● What is needed: Note the line containing "What is the"; from it through the last line below, give only those lines again, exactly, both ends included, skipping pictures.

━━━━━ Supplied records ━━━━━

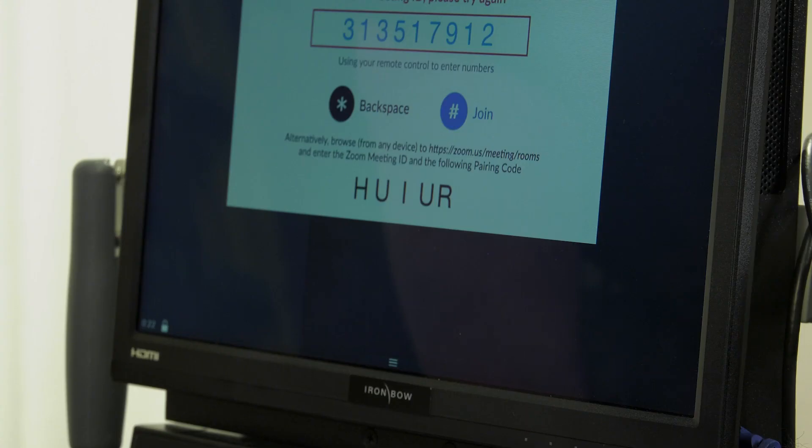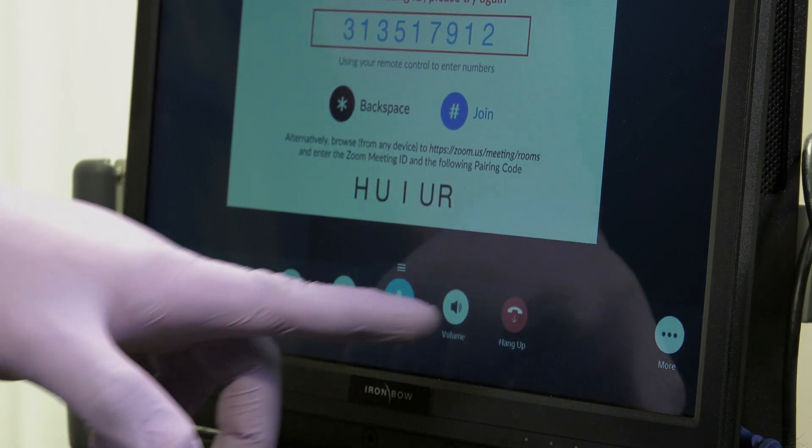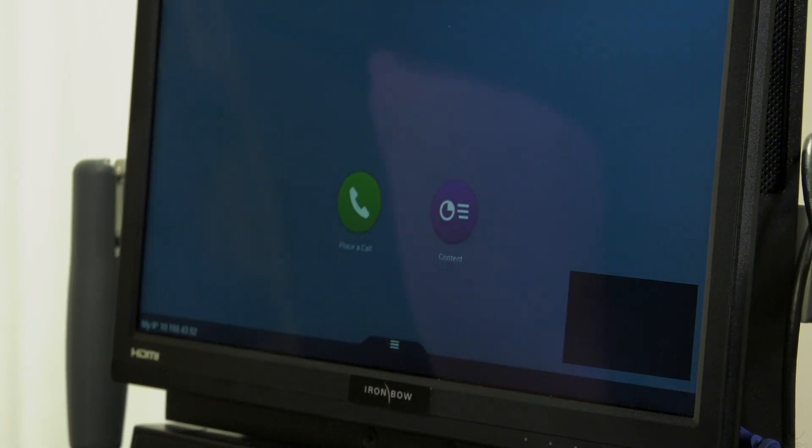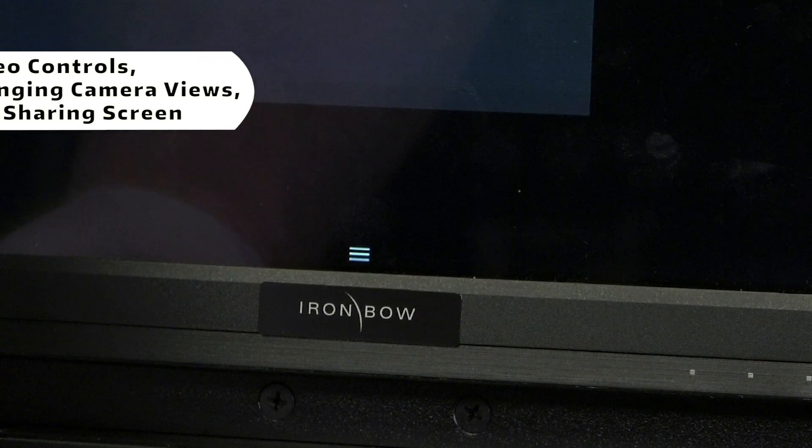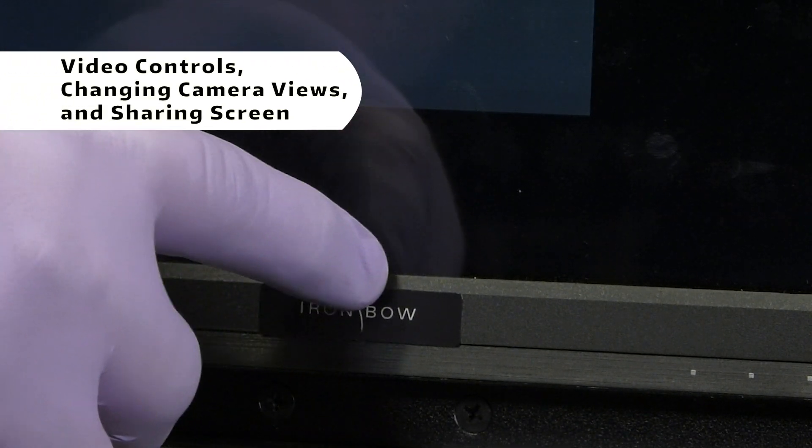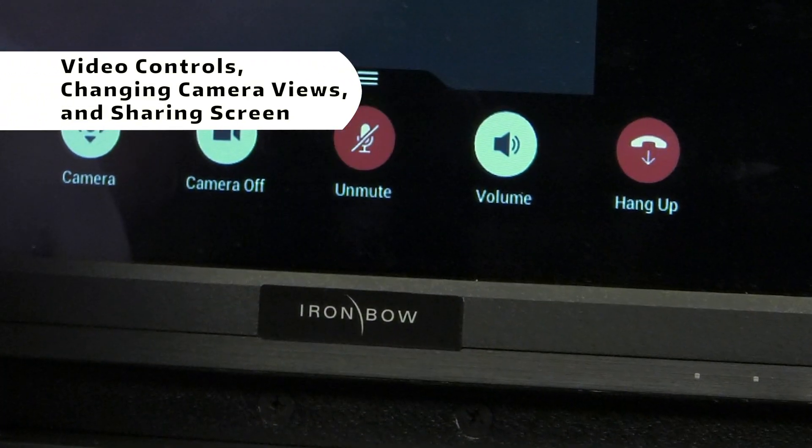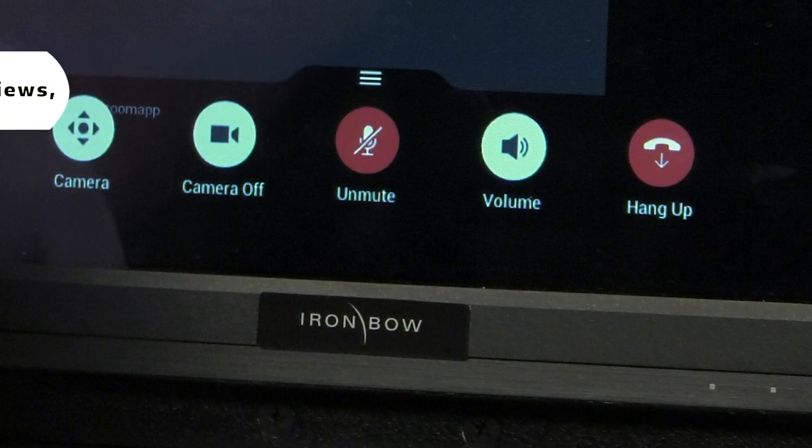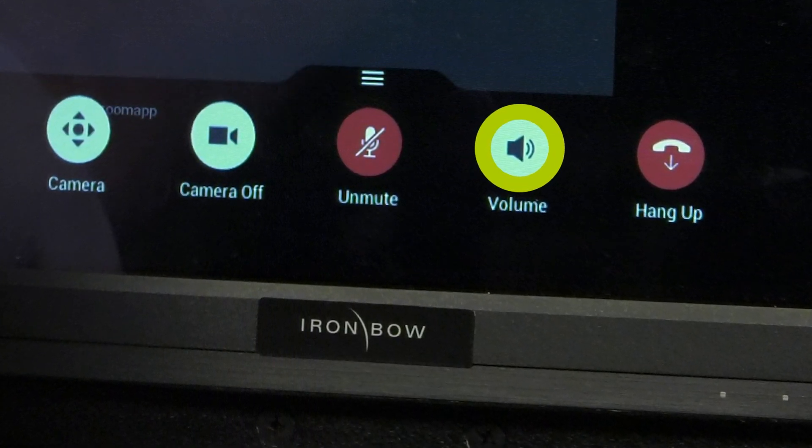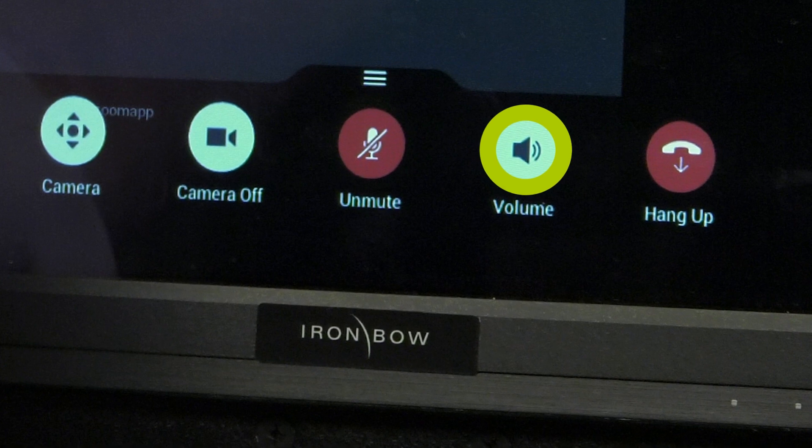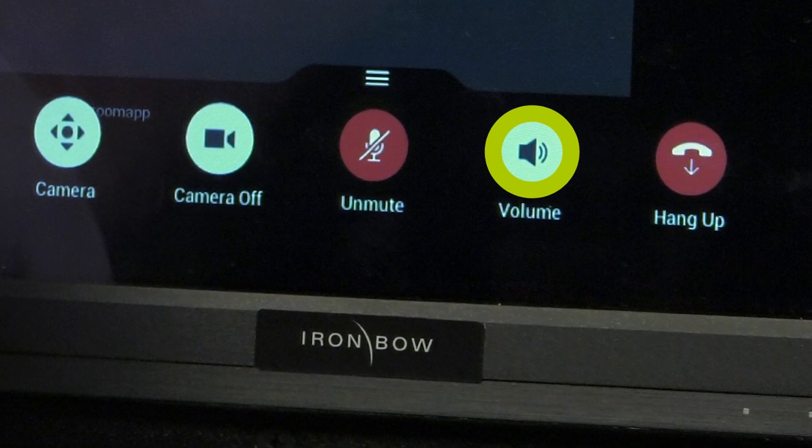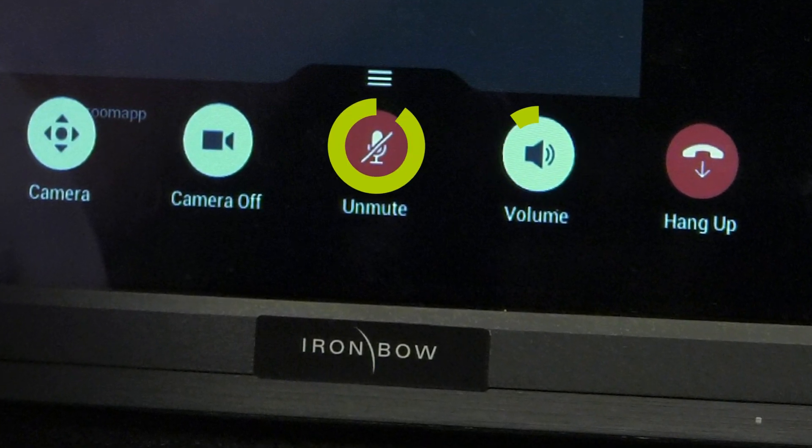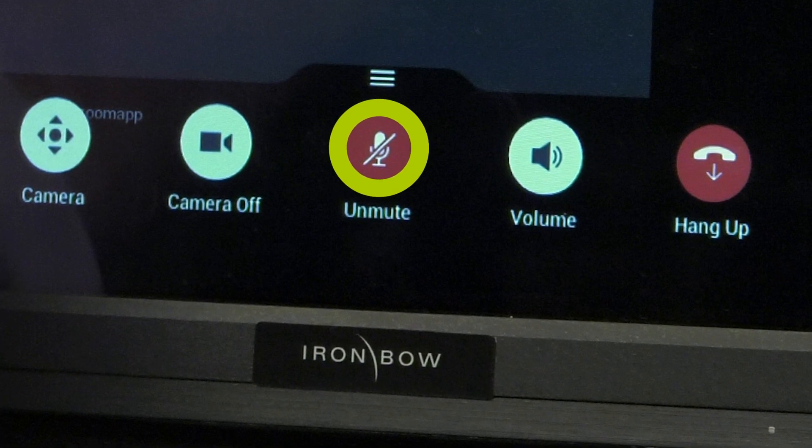When the Zoom conference is finished, tap the hang-up button on the on-screen interface to end the call. During a Zoom call, you can tap the on-screen menu to bring up video controls. In this section of the menu, you can adjust the audio volumes of the meeting, including the overall sound of the meeting and microphone volume. You also have the option to mute and unmute your microphone.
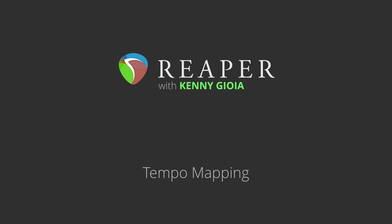Hi, I'm Kenny Gioia. Welcome to another one of my tutorials. In this video, I'm going to show you tempo mapping in Reaper.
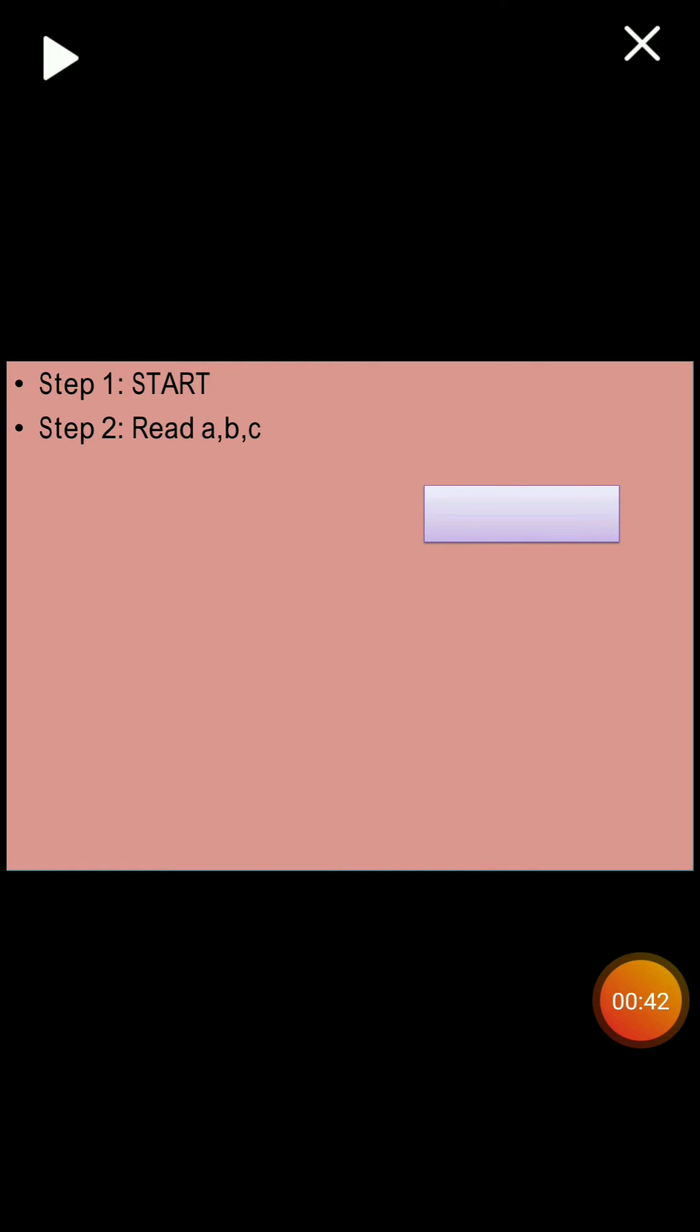Now step three. Step three is sum. So we are asked to find sum and average of three numbers, right? So first we write sum. Sum, we just add these three: A plus B plus C.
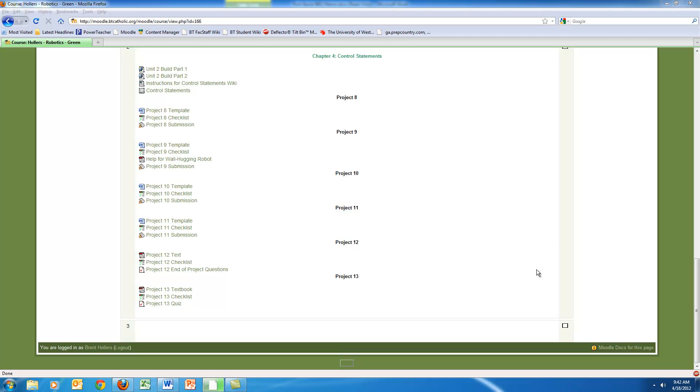So with that in mind, I designed the course around a textbook called The Art of NXD Programming, and it goes through and explains a number of different things. In order to supplement that textbook, I created a number of different materials.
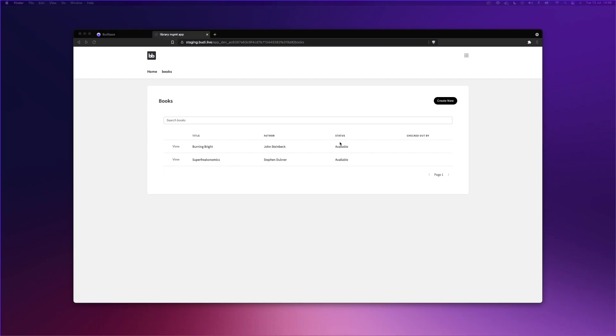Before we jump into building our CRUD application, I want to give you a quick glimpse of the final application and its functionality. So this is our new book management CRUD application. As you can see, it comes with branding, a navigation, search, pagination, and of course our CRUD operations, which I will now demonstrate.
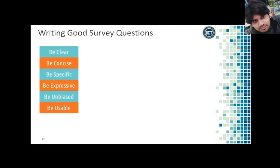Writing good survey questions is an art as well as a science. Surveys are used often in HCI because of their convenience, but they are only useful if the questions are actually well written. There are six things I personally recommend in survey design: be clear, be concise, be specific, be expressive, be unbiased, and be usable.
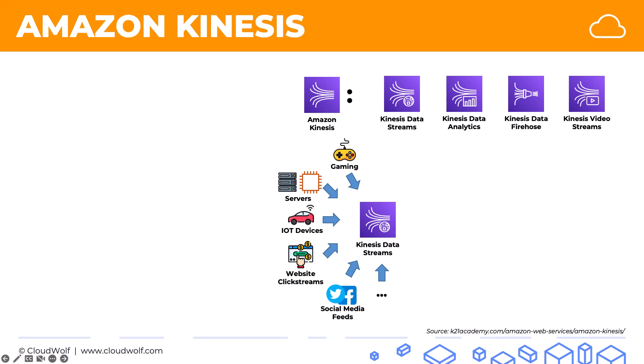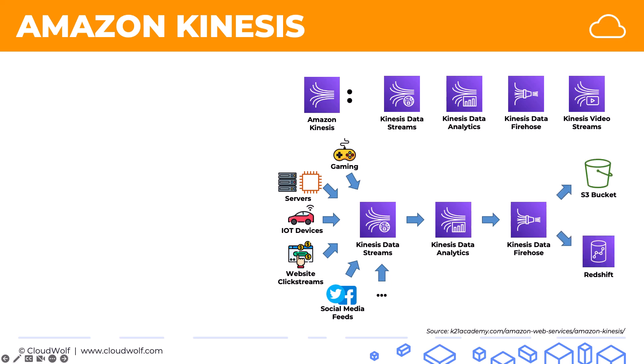Now from Kinesis Data Streams, you can put all that data into Kinesis Data Analytics and analyze it right on the fly. So it's real-time analytics. Also, you can put into Kinesis Data Firehose. And what Data Firehose does is it puts it into other locations. So for example, you might want to put into an S3 bucket or into Amazon Redshift.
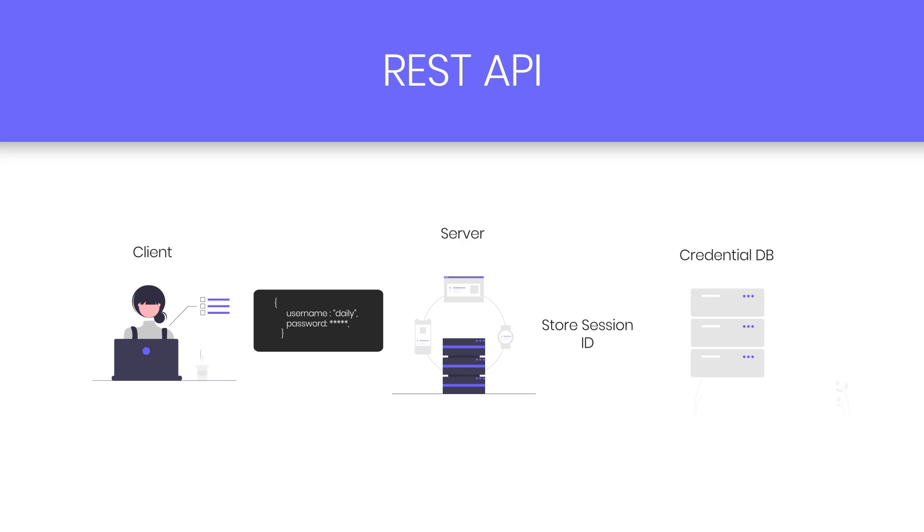When you're authenticated, the server stores the session in memory, in server memory. And you know that you're not the only one who requests that API endpoint. API endpoints can face a huge amount of requests and store huge amounts of session data. So we need to scale the infrastructure.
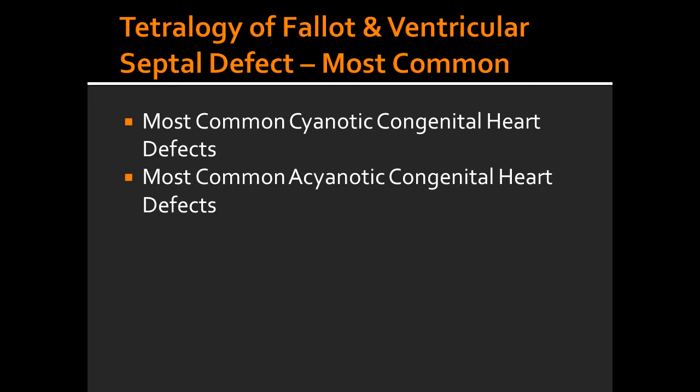What is the most common acyanotic congenital heart defect? The most common acyanotic congenital heart defect is VSD, which is ventricular septal defect.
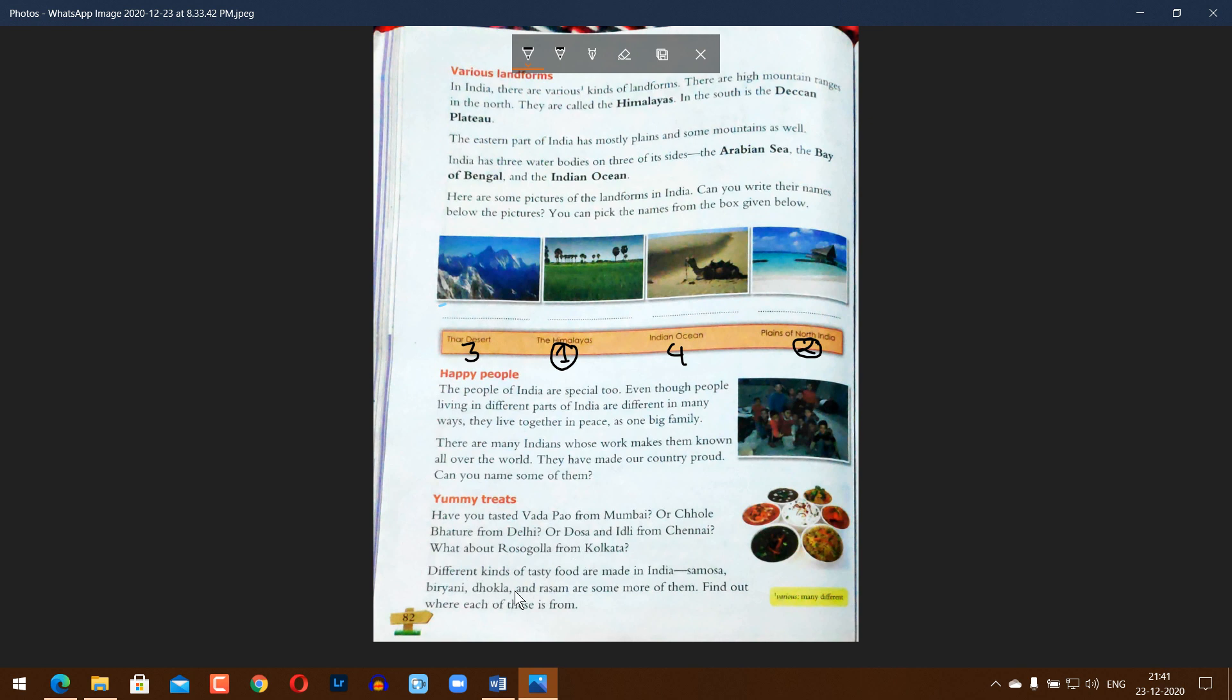Different kinds of tasty food are made in India. Samosa, biryani, roti, and rasam are some more of them. Find out where each of these are from.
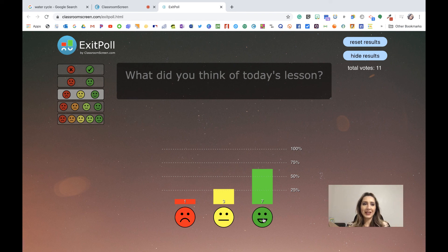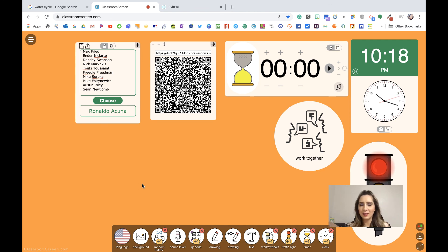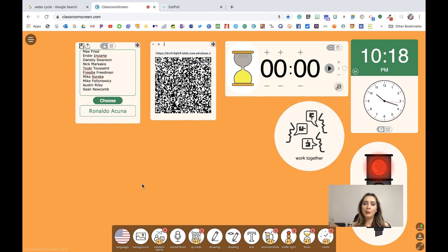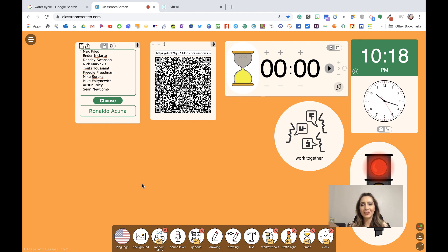This is ClassroomScreen.com. I hope that you guys enjoyed it and that you start using some of these features. It really helps with class management. Please reach out if you have any questions, I'm more than happy to help. You can find me at Mrs. Talk Techie and we'll see you with the next tech tool. All right guys, we'll see you.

━━━━━

● Response area:
What is the most common acyanotic congenital heart defect? The most common acyanotic congenital heart defect is VSD, which is ventricular septal defect.
Different kinds of tasty food are made in India. Samosa, biryani, roti, and rasam are some more of them. Find out where each of these are from.
This is ClassroomScreen.com. I hope that you guys enjoyed it and that you start using some of these features. It really helps with class management. Please reach out if you have any questions, I'm more than happy to help. You can find me at Mrs. Talk Techie and we'll see you with the next tech tool. All right guys, we'll see you.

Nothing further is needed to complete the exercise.